The pound sterling (GBP) gradually regained ground against the US dollar (USD), lifting GBP/USD from three-month lows to ten-day highs around 1.3500.
The pound sterling experienced a sharp reversal
The GBP/USD pair received a double boost last week, which helped it make a decent recovery, recording its best weekly performance since the end of June.
Disappointing US labour market data for July and a slowdown in the services sector heightened concerns about the US economic outlook, doubling expectations that the Fed will cut interest rates in September.
Traders are pricing in a 93% probability of a rate cut in September, with at least two rate cuts expected by the end of the year, according to the CME Group’s Fed Watch tool.
This dovish narrative continued to weigh on the US dollar, while the latest tariffs announced by US President Donald Trump on his main trading partners heightened economic concerns and the greenback’s weakness.
A report in the Financial Times on Monday, citing a letter from Customs and Border Protection, said the US had imposed tariffs on imports of one-kilogram gold bars.
Earlier on Thursday, Trump’s increased tariffs on imports from dozens of countries came into effect, with high tariffs on Switzerland, Brazil and India. The US president also threatened additional tariffs on China and Japan over their oil imports from Russia after imposing an additional 25% tariff on India.
Increased tensions surrounding appointments to the Fed and, consequently, its independence exacerbated the US dollar’s woes, contributing to the pair’s recovery.

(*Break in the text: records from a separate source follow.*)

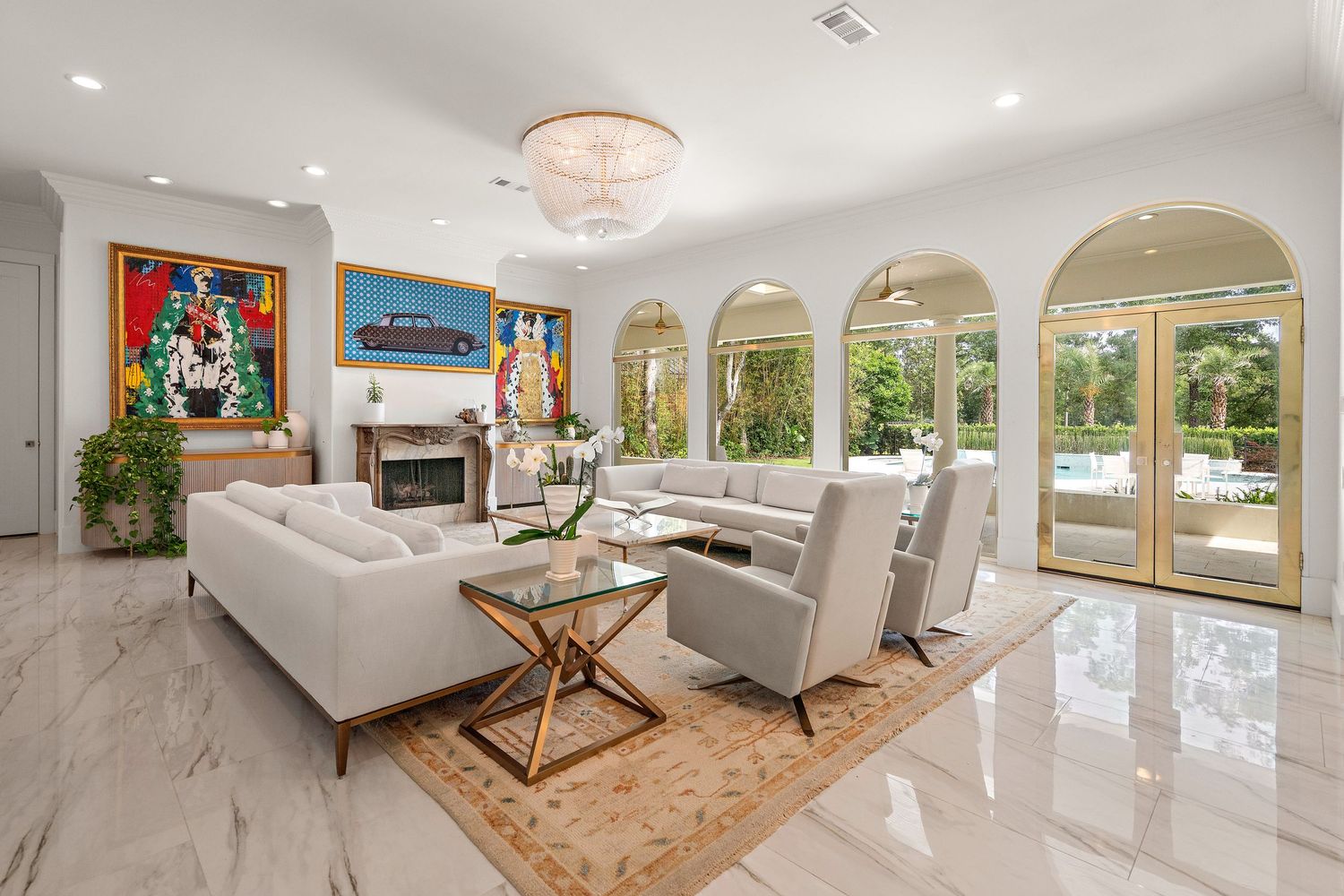 Luxurious living room with white sofas, arched windows, marble floors, and elegant crystal chandelier.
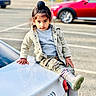 Gursher is registered to the contest to win money with this photo: child, kid, car, audi, parking_lot, jacket, sweater, camouflage_pants, rain_boots, top_knot, outdoor, daylight, person, casual, fashion, vehicle, parked_car, young, confident, urban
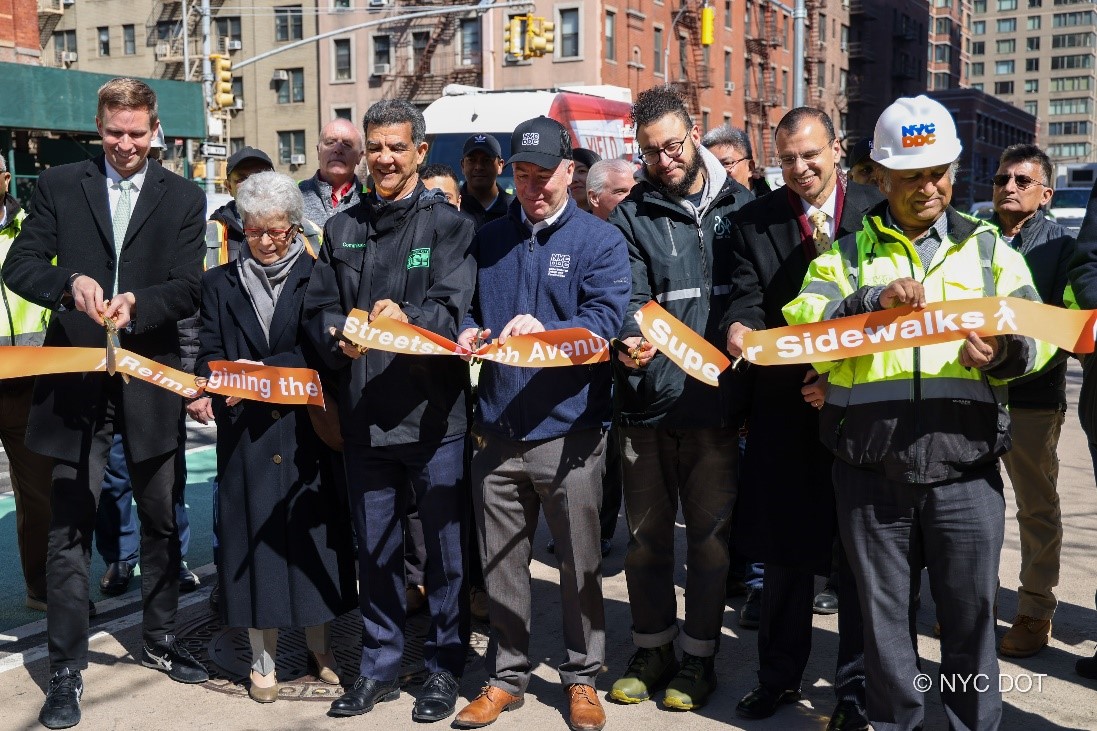 Council Member Erik Bottcher, DOT Commissioner Rodriguez, DDC Commissioner Thomas Foley, DEP Commissioner Rohit Aggarwala, and advocates cut a ribbon to celebrate the completion of water supply and pedestrian upgrades along Ninth Avenue in Manhattan.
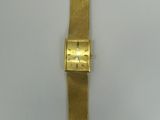 an image of a gold wrist watch on a white surface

Trump nominated Steven Miran, chairman of the Council of Economic Advisers, to replace Fed Governing Council member Adriana Kugler. Miran is also seen as a possible successor to Jerome Powell when his term expires in May 2026, according to some industry experts.
From the pound’s perspective, buyers took advantage of the Bank of England’s (BoE) 5-4 vote in favour of a rate cut on Thursday, instead of the expected 7-2.
The BoE delivered the expected 25 basis point rate cut from 4.25% to 4% on “Super Thursday,” with the split vote indicating that policymakers remain concerned about still-high inflation, even despite the rate cut.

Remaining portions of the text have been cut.